In 2003, the Nashville Symphony broke ground on the $123.5 million Schermerhorn Symphony Center, the orchestra's new home, which opened on September 9, 2006. This cultural center in downtown Nashville has attracted global attention for its acoustical excellence and distinctive neo-Classical architecture, and its opening marked the beginning of an exciting new chapter in the history of the Nashville Symphony. While the orchestra conducted a search for a new music director to succeed Maestro Schermerhorn, renowned conductor Leonard Slatkin assumed the post of Music Advisor. Under his guidance, the orchestra earned three GRAMMY® Awards for its recording of Joan Tower's Made in America in 2007 and produced an internationally syndicated radio program, American Encores.

With the arrival of current Music Director Giancarlo Guerrero in 2008, the Nashville Symphony has continued its spectacular rise to prominence with an active schedule of recordings, commissions and world premieres. Since the beginning of its partnership with Naxos in 2000, the orchestra's recordings have received a total of 14 GRAMMY® Awards out of 27 nominations.

During the Nashville flood of 2010, Schermerhorn Symphony Center took on an estimated 5.25 million gallons of water and sustained more than $40 million in damage. With the support of multiple community partners, the orchestra was able to continue performing for the community while the concert hall underwent extensive repairs. Following the reopening of the Schermerhorn on December 31, 2010, the Nashville Symphony went on to multiple years of record-breaking ticket sales and fundraising.

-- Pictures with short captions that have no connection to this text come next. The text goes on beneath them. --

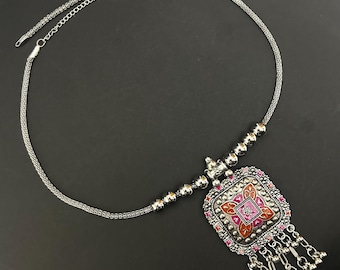 Leichte mehrfarbige Rajasthani oxidierte Halskette/ethnischer Schmuck/indischer Choker
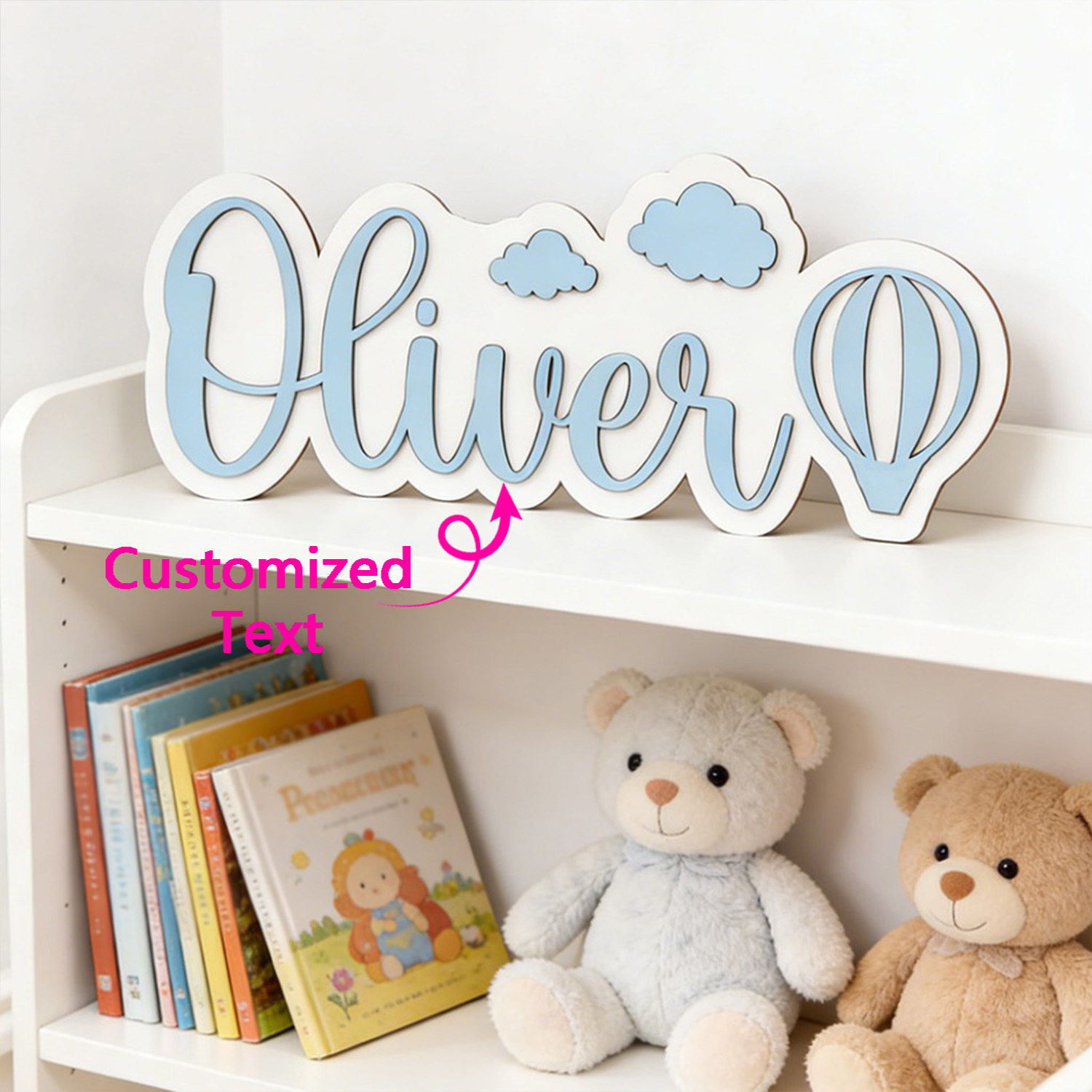 لافتة غرفة مخصصة على شكل منطاد - مراجعة Baby Nursery Toy وسعره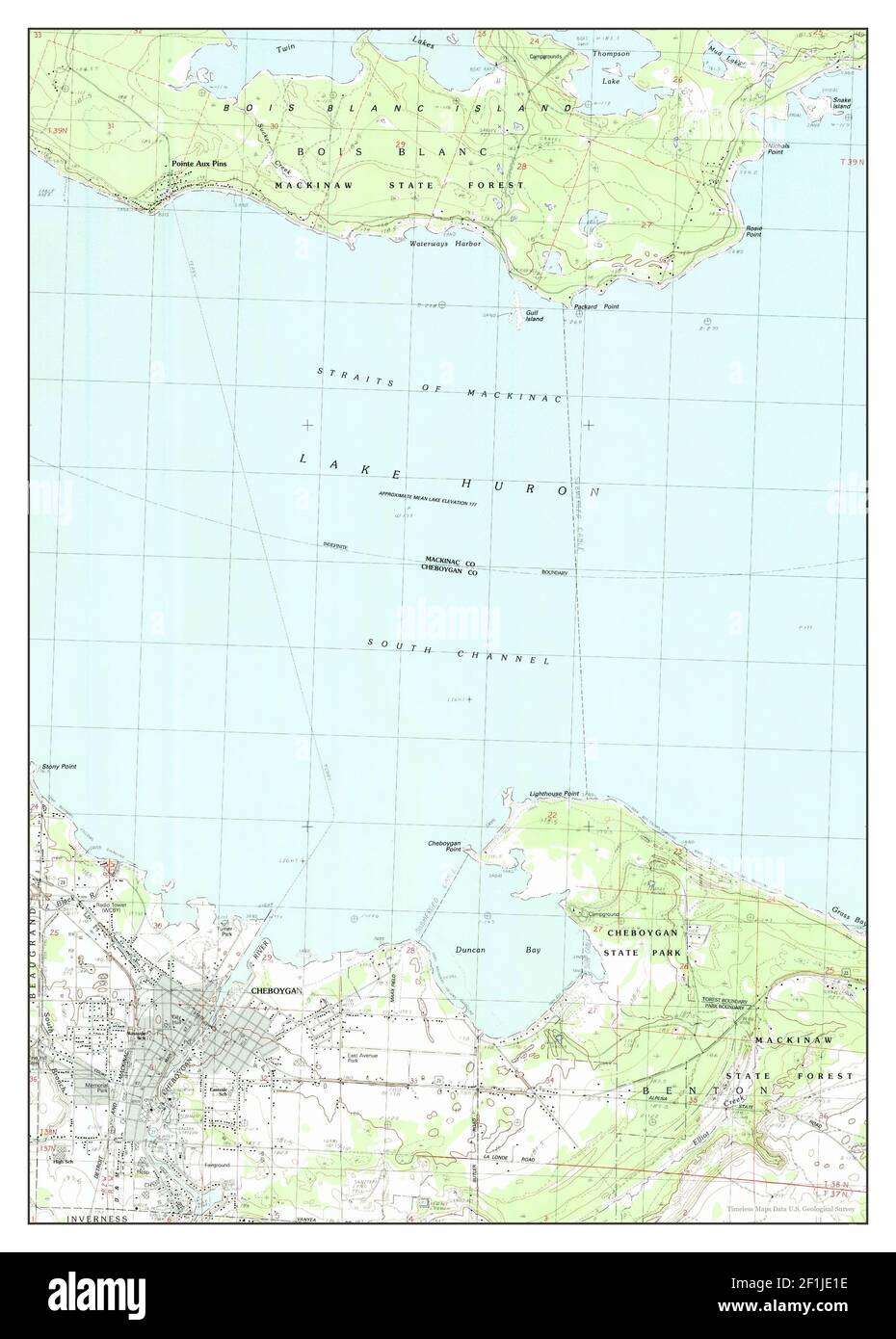 Cheboygan, Michigan, map 1982, 125000, United States of America by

Like countless other organizations, businesses and individuals, the Nashville Symphony was dramatically affected by the COVID-19 pandemic, forcing the furlough of 90% of its workforce, the cancellation of an entire concert season, and $26 million in total losses. With the unwavering support of the Middle Tennessee community and federal relief from the Paycheck Protection Program, Shuttered Venue Operators Grant and the American Rescue Plan, the Nashville Symphony has reemerged from the pandemic and is building a vision for how it can serve the community for generations to come.